• **ASSIGNMENT**
Each record below must be reproduced exactly as it reads, with its images omitted.
(AVAILABLE DATA begins)
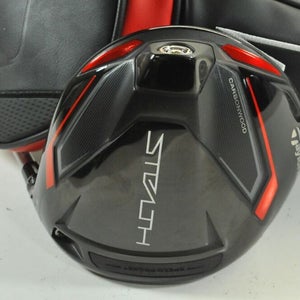 TaylorMade Stealth 9* Driver Stiff Flex Right Ascent Red 60g  # 189791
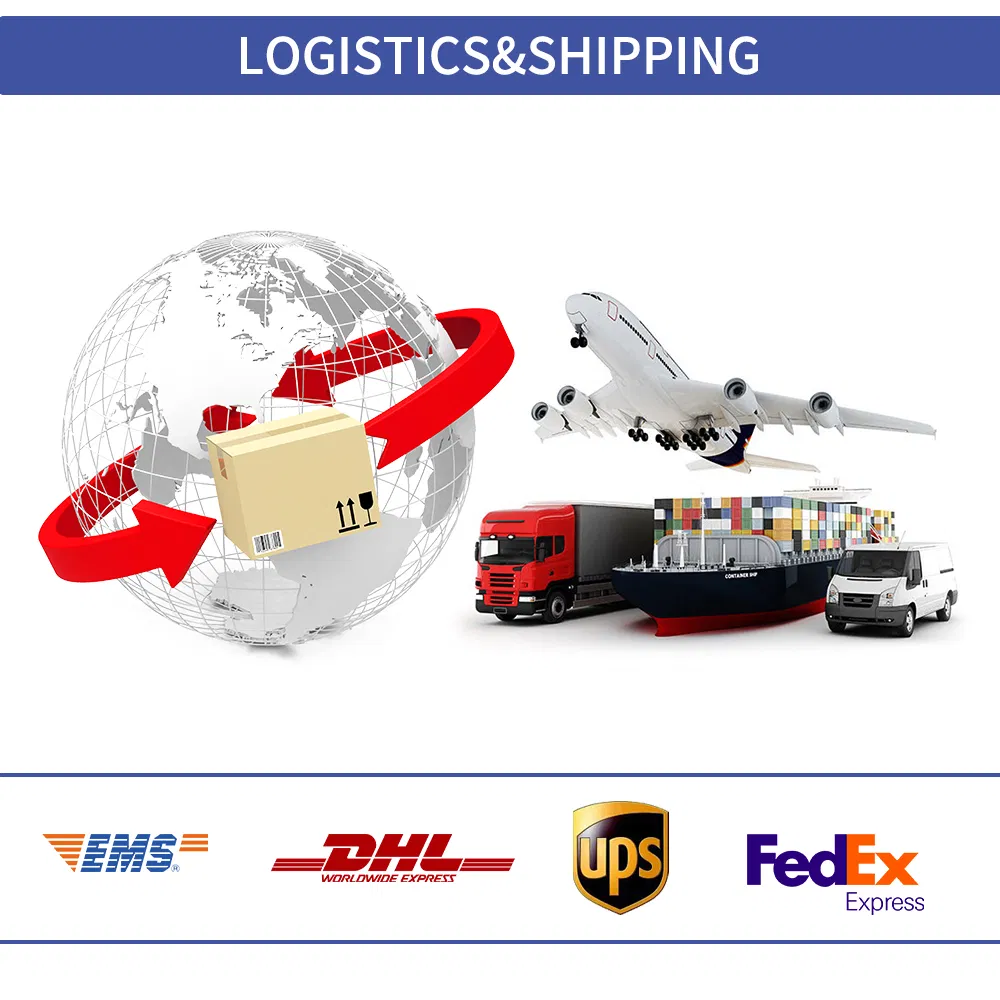 Packaging & Shipping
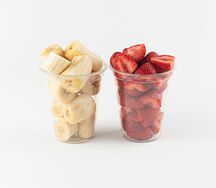 Сет Клубника-Банан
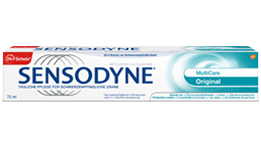 Sensodyne | MultiCare Original Zahnpasta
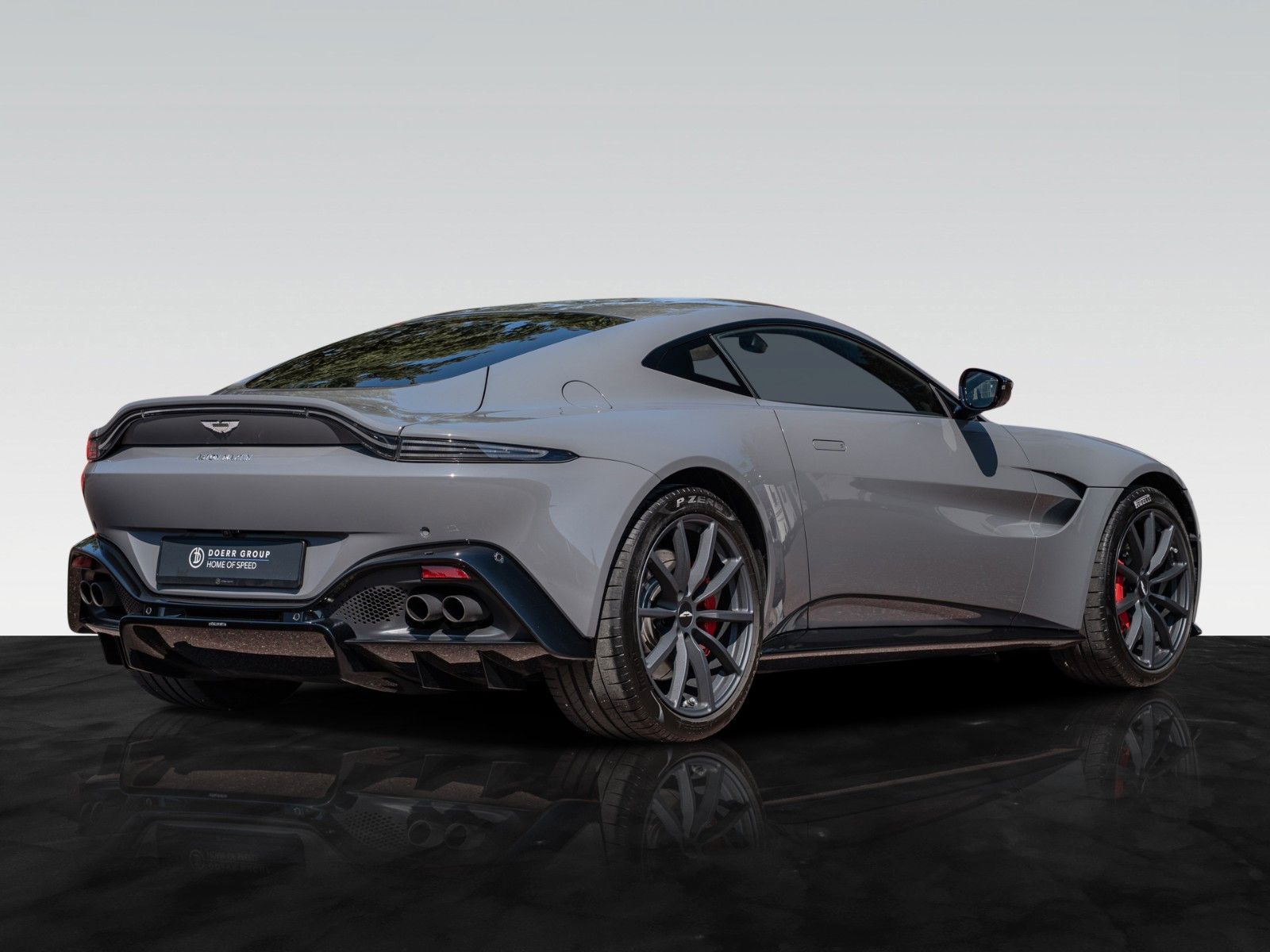 Aston Martin V8 Vantage Coupé | Carbon Interior | Style Pack foto 2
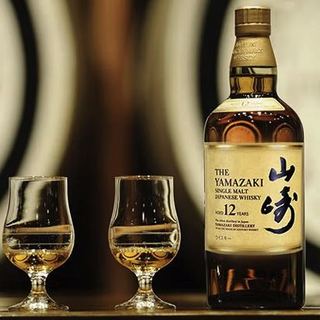 YAMAZAKI 山崎 12年 单一麦芽 日本威士忌 43%vol 700ml 礼盒装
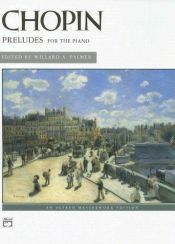 book cover of PRELUDIOS by Fryderyk Franciszek Chopin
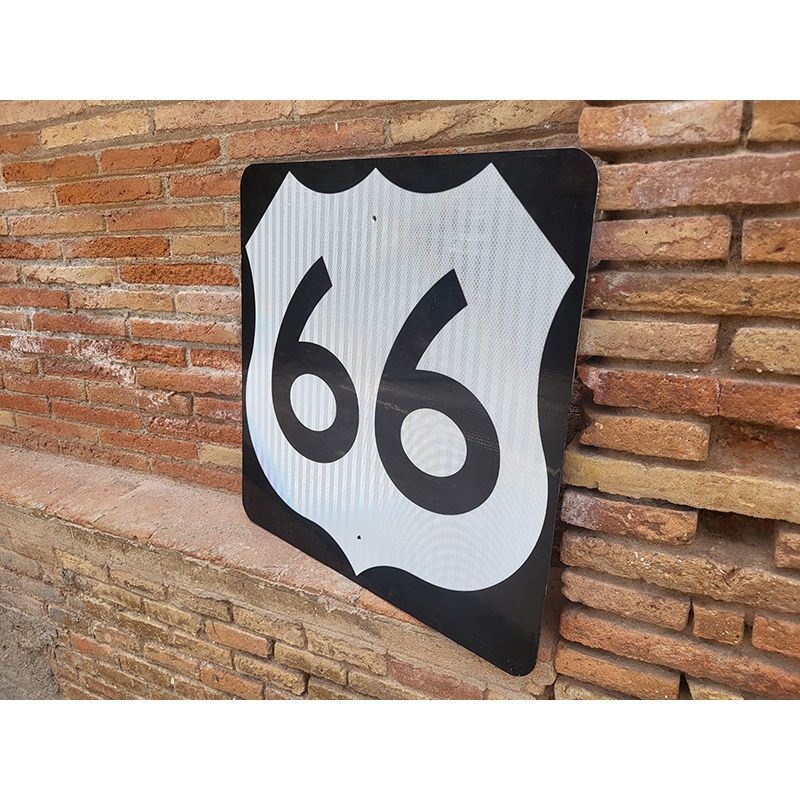 Señal Original Ruta 66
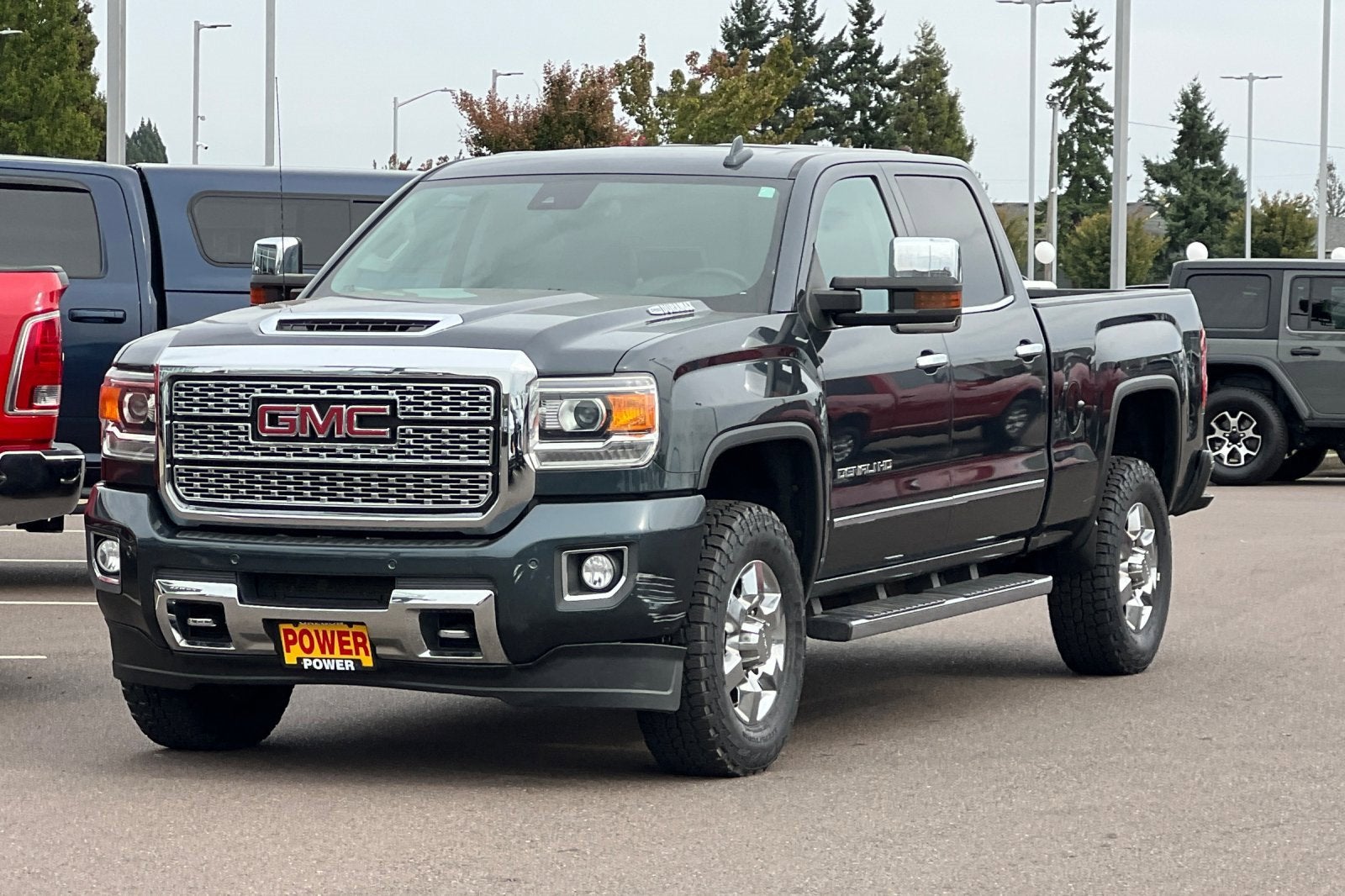 2019 GMC Sierra 3500 HD Denali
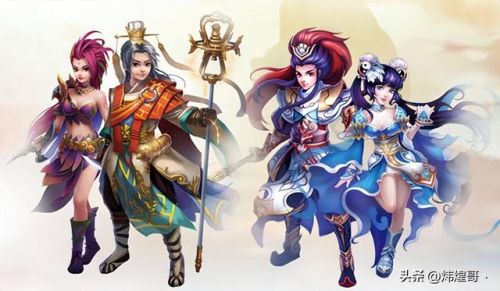 西游单机手游(西游单机版(变态版))插图2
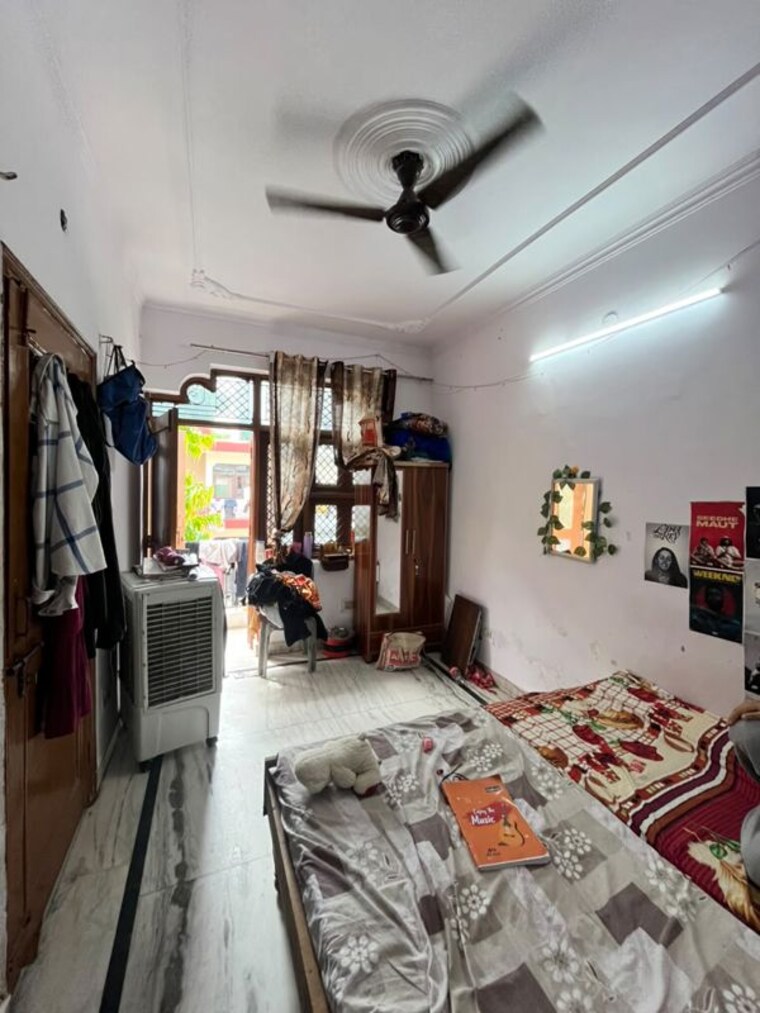 Bedroom, ska-metro-ville 3 Bedroom 1165 Sq.Ft. Apartment In Eta Ii Greater Noida Greater Noida 10720379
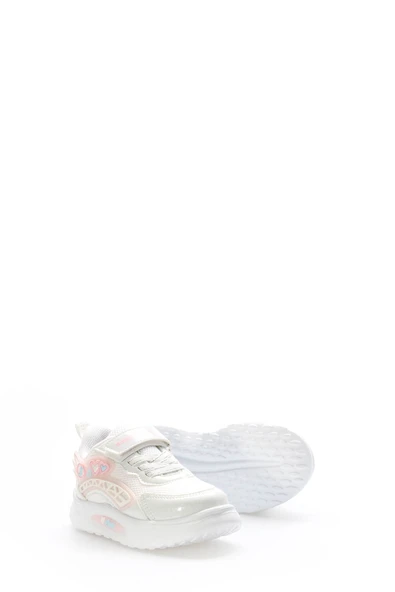 Kız Çocuk Sneaker Ayakkabı 461XCA327 - Resim 4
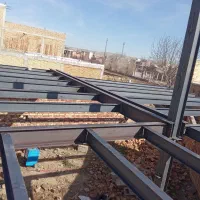 جوشکاری سیار ساختمان اسکلت بندی وتیرریزی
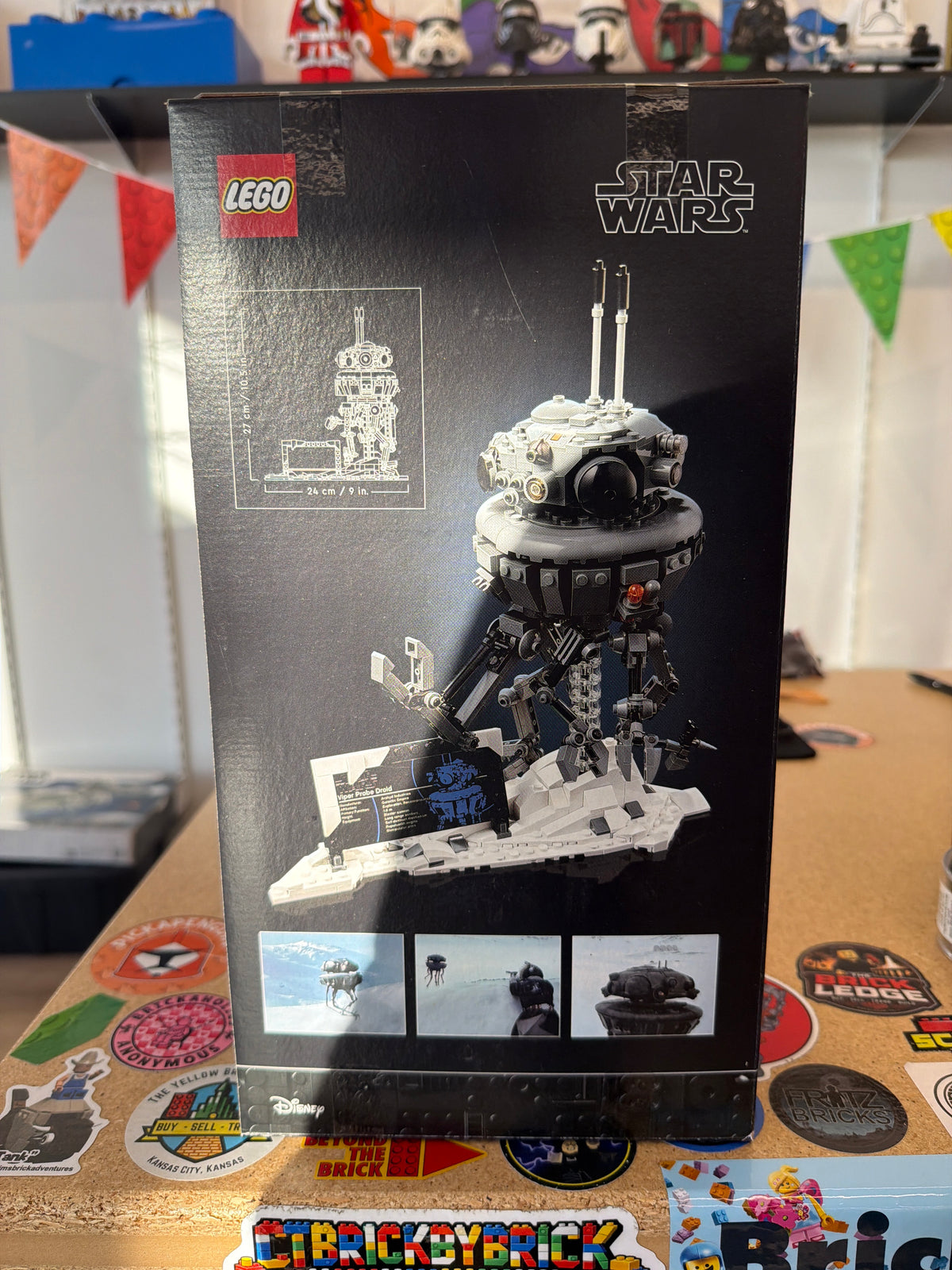 Imperial Probe Droid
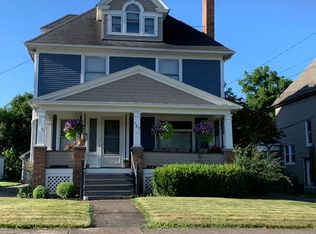 127 E Kline St SE, Girard, OH
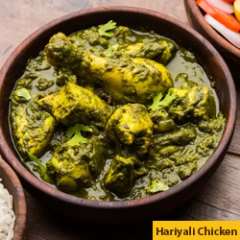 31 hariyali chicken 31 hariyali chicken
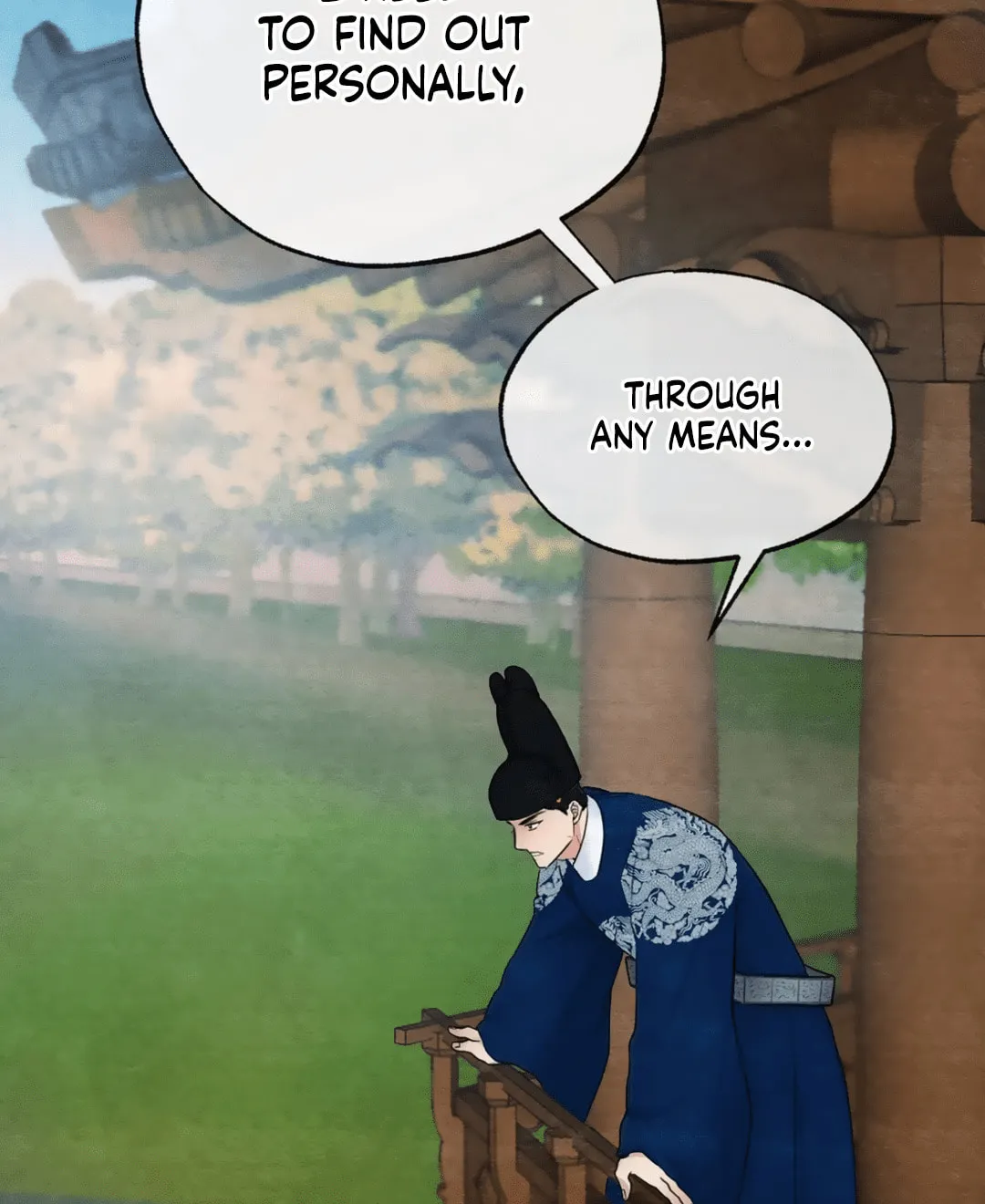 Read Wild Eyes chapter 7 image 46 on Lezhin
(AVAILABLE DATA ends)
• **RESPONSE BELOW**
 TaylorMade Stealth 9* Driver Stiff Flex Right Ascent Red 60g  # 189791
 Packaging & Shipping
 Сет Клубника-Банан
 Sensodyne | MultiCare Original Zahnpasta
 Aston Martin V8 Vantage Coupé | Carbon Interior | Style Pack foto 2
 YAMAZAKI 山崎 12年 单一麦芽 日本威士忌 43%vol 700ml 礼盒装
 book cover of PRELUDIOS by Fryderyk Franciszek Chopin
 Señal Original Ruta 66
 2019 GMC Sierra 3500 HD Denali
 西游单机手游(西游单机版(变态版))插图2
 Bedroom, ska-metro-ville 3 Bedroom 1165 Sq.Ft. Apartment In Eta Ii Greater Noida Greater Noida 10720379
 Kız Çocuk Sneaker Ayakkabı 461XCA327 - Resim 4
 جوشکاری سیار ساختمان اسکلت بندی وتیرریزی
 Imperial Probe Droid
 127 E Kline St SE, Girard, OH
 31 hariyali chicken 31 hariyali chicken
 Read Wild Eyes chapter 7 image 46 on Lezhin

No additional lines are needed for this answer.